WILLERS/KNEER/MARIEN - Nullis Secundus (creative sources, 2012) |
Les neuf improvisations proposées sur Nullis Secundus sont assez variées donc. Mais la plupart du temps, c'est surtout énergique et réactif. De nombreux éléments se côtoient, dans un jeu de question-réponse loin d'être homogène, mais où l'écoute est tout de même sensible et attentive. Une superposition de modes de jeux et d'esthétiques compose ces improvisations, méthode assez courante et de plus en plus lassante. Ce n'est pas vraiment mauvais, mais c'est pas non plus palpitant ni très excitant : les trois instrumentistes mettent beaucoup d'énergie dans leurs improvisations, leur jeu est plutôt intense, mais ces impros manquent souvent de tension, manquent d'un quelque chose qui maintienne et retienne l'attention.
BLEAK HOUSE - Dark Poetry (creative sources, 2012) |
Bleak House est un trio qui sort de nulle part pour proposer du neuf : une musique que l'on pourrait qualifier de romantisme abstrait en quelque sorte.
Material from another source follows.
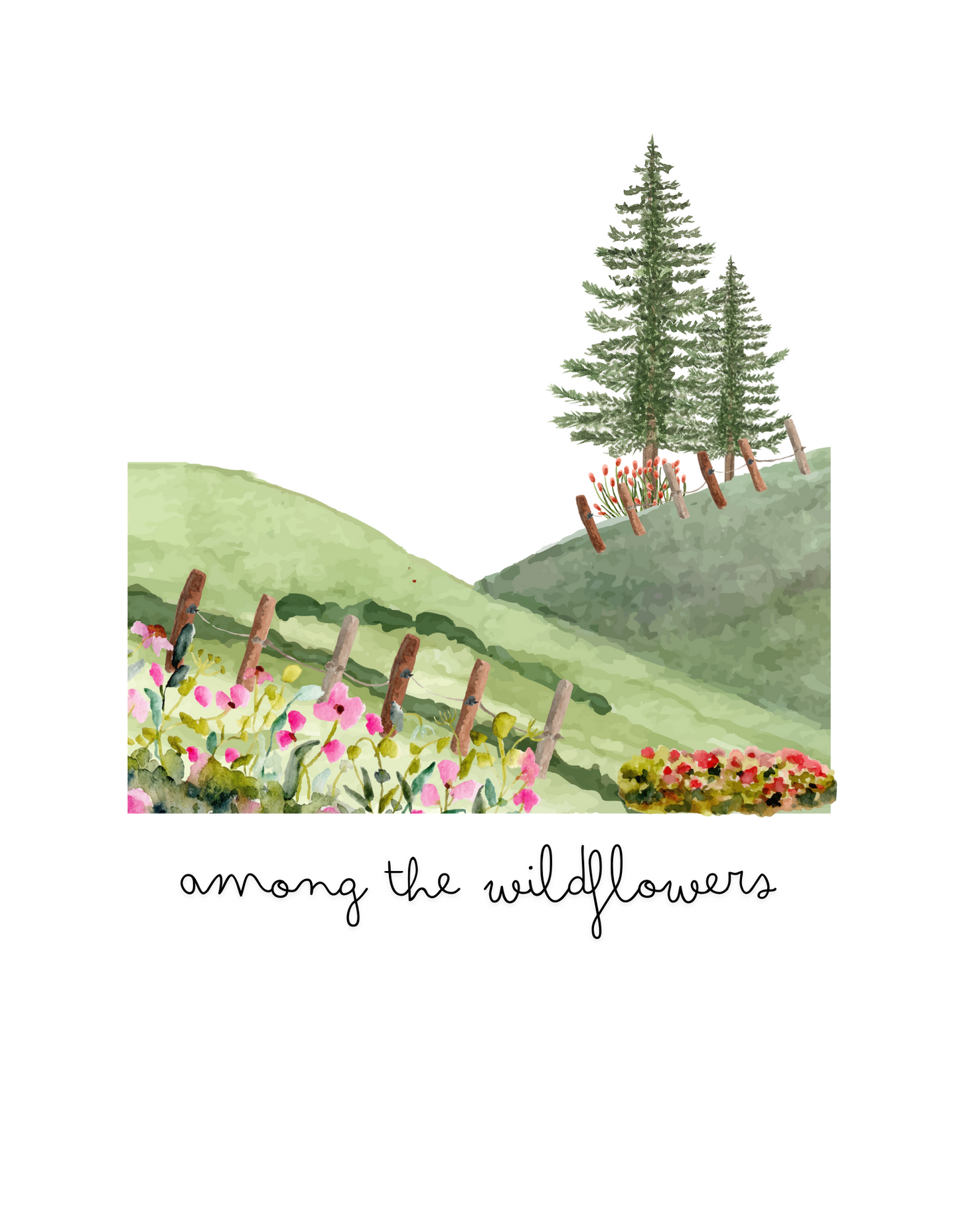 Among the wildflowers - Unisex White Printed T-shirt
Le piano est la plupart du temps mélodique, il joue de courtes phrases cellulaires, aérées et modales, sur un tempo lent et aéré, où les couleurs des modes sont aussi importantes que les résonances des cordes. L'influence de Feldman (à qui une des pièces est dédiée) interprété par Tilbury ne semble pas loin pour ce trio qui propose des improvisations semblant imiter l’expressionnisme abstrait en musique. Sauf que les modes utilisés rappellent aussi bien Debussy que la construction en cellule répétitive peut faire penser à Feldman, et que de nombreux éléments proviennent aussi de l'improvisation libre et du réductionnisme. Car il ne faudrait pas oublier la présence de l'alto et des percussions qui soutiennent et amplifient les éléments abstraits, et leur confère une puissance lyrique surprenante, un lyrisme sonore qui va au-delà des mélodies aériennes et fantomatiques du piano. La musique semble décomposée, quand un des instrumentistes s'occupe d'explorer le timbre, l'autre s'occupe de la pulsation et le dernier de la mélodie. Une division du travail qui rend chaque élément exceptionnellement inense.
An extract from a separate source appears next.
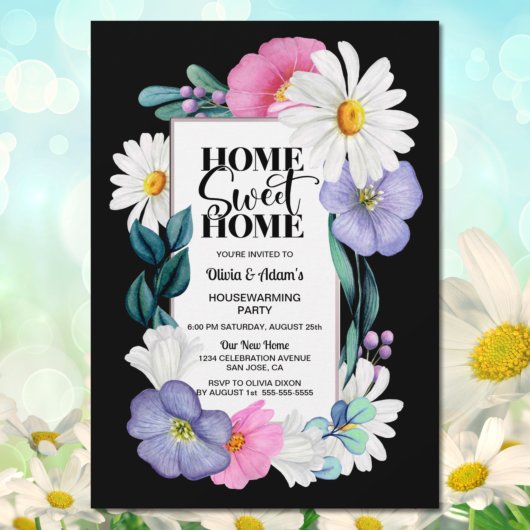 Home Sweet Home Paars Pink Floral Housewarming Kaart
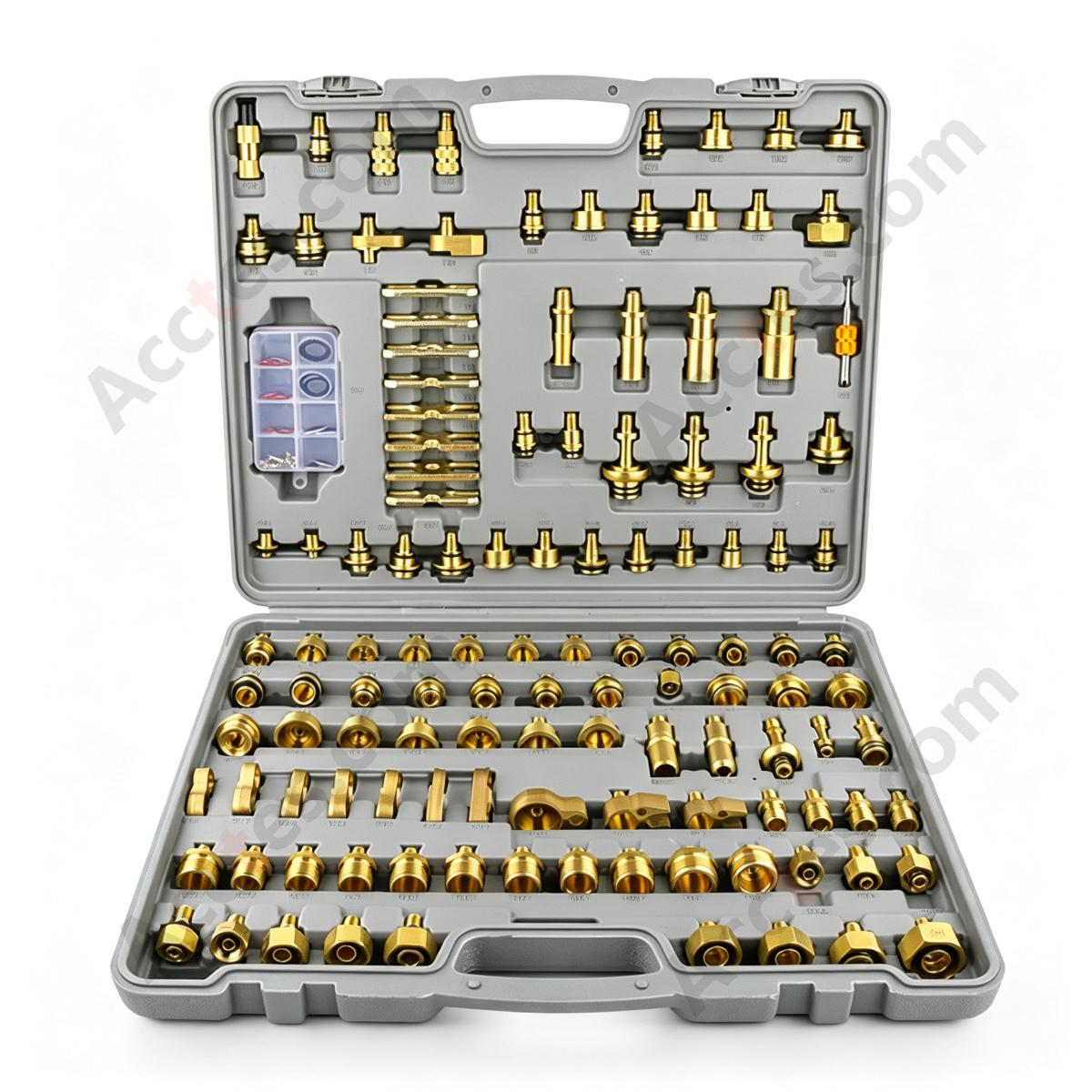 Universal Automotive AC Leak Detection And Repair Tool Kit 126Pcs All Models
La richesse et la complexité des superpositions romantiques ainsi que le lyrisme sont présents aux côtés d'exploration sonore minutieuse et répétitive. Ce ne pas totalement abstrait, ni mélodique, l'important ne réside ni dans le timbre ni dans les couleurs, ni dans le système modal ni dans l'improvisation ; l'important et la force de ces 14 pièces résident surtout dans l'imbrication subtile et poétique de ces éléments. Un imbrication qui leur rend à tous un hommage poignant. Conseillé.
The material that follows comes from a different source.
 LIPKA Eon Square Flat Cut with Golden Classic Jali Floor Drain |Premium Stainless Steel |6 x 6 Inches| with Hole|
Goyvaerts/Morgan/Van Buggenhout - White Smoke (creative source, 2012) |
Le dialogue n'est pas évident entre les trois musiciens, leur monde n'a pas grand chose à voir, mais ils arrivent tout de même à créer une forme qui paraît paradoxalement aussi chaotique qu'unifiée. Chacun a son style, son approche, ses limites, autant d'éléments surtout déterminés par leur instrument, mais ils arrivent tout de même à s'unir grâce à une écoute très réactive et une interaction sensible où chacun place ce qu'il peut placer au moment opportun. D'où les nombreux dialogues à deux qui parcourent ce disque, d'où l'absence du troisième ou le cantonnement régulier à un rôle d'accompagnement. Tout n'est pas possible, et c'est cette difficulté à s'unir qui donne du charme à ce disque. Une difficulté surmontée surtout rythmiquement, mais aussi par des attaques similaires, une énergie toujours égale, et un humour commun. C'est pas mal du tout, même si je dois l'avouer, il se peut aussi que je sois surtout sous le charme de l'aspect complètement décalé et souvent humoristique, parfois carrément extraterrestre, de l'utilisation des synthés en impro libre - instrument que je trouverai toujours hallucinant...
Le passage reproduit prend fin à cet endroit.